Traveling forward again, to the Tanala of Madagascar, where her finger came down on this passage:
To discover a body of a drowned person, a banana tree core encircled with a silver bracelet is cast on the water, in the belief that it will rest motionless over the spot where the drowned one lies. After this, if divers fail to bring up the body, the Ikongo conduct funeral services over the deceased’s mat and pillow.
The customs, in their peculiarity and their specificity, had the quality of belonging to a fairy tale. Biscuit considered that they were only slightly more real than fairy tales. Even at age nine, she knew not to believe everything she read, not even in a library book from the adult nonfiction section. She was no budding historian (already in school she showed signs of being a poor history student, with remarkably little regard for the significance of dates), but even if the book were not so gorgeously redolent of age, even if its leaves and binding did not give off such an unambiguous waft of antiquity, she did know how to find a copyright, and this one told her that the book had been written long before she was born, before her parents had been born, too, and in her view this was enough to render it manifestly Old, belonging to that one vast, misty category that included everything from horse-drawn carriages and hoop skirts to typewriters and black-and-white TVs.

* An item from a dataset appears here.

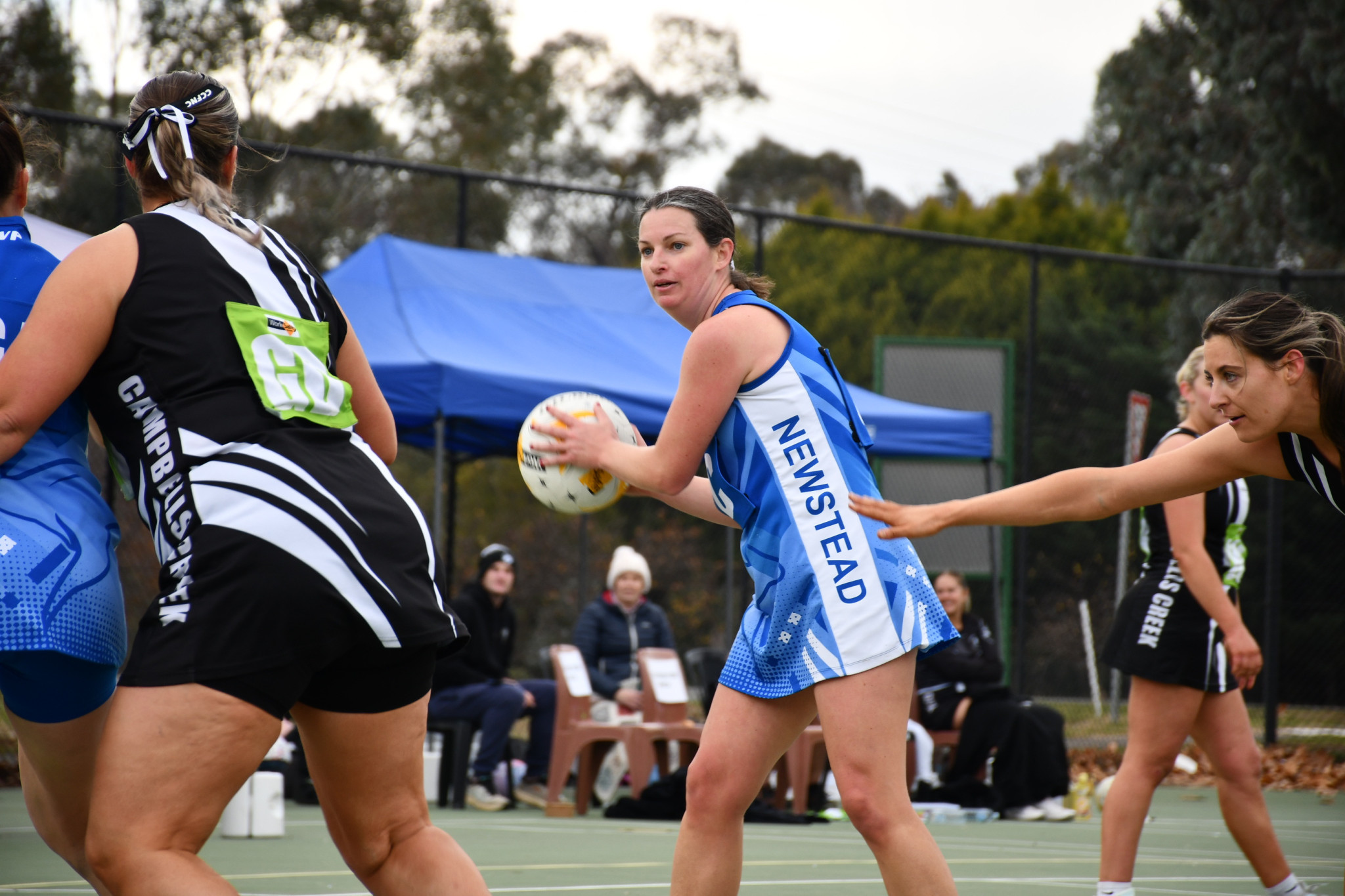 Jessica Currie surveys the goal circle in Newstead’s victory over Campbells Creek.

Sometimes, Biscuit knew, what had been perfectly correct in Olden times was not so anymore. In other musty books she’d found references to things that no longer applied: gramophones, polio, Negroes, beef tea, the admonition that ladies ought not swim. It wasn’t only books. Her own grandma was always saying things Biscuit knew to be wrong. She claimed that drinking cold milk with hot soup would give a person a bellyache; that “Orientals” had an inborn talent for math; that the television remote could under no circumstances be programmed to work for the DVD player (Paul had rather rudely but effectively proven her wrong on this last). All these errors made Biscuit feel rather sorry for her grandma; but more, they told a cautionary tale.

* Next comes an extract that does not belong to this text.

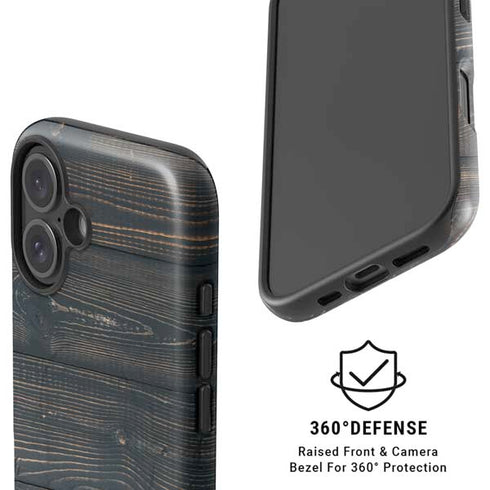 Black Painted Wood iPhone 16 Plus Magsafe Impact Case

And so she brought to this aged book of funeral customs a mixture of skepticism and indulgence, yet this made what she read no less satisfying or useful to her.
Leafing again:
The world outside first learns of a death when the family hangs blue and white or blue and yellow lanterns at the front door and pastes white paper over the red good-luck strips. In addition to this ceremony, it is customary in Peiping to station a drummer outside the front door, to the left of the entrance if a man has died, and to the right, if a woman.
Gold leaf and pearls are placed in the mouth of the dead in some parts of China, and a ball of red paper mixed with incense ash is tucked between the lips.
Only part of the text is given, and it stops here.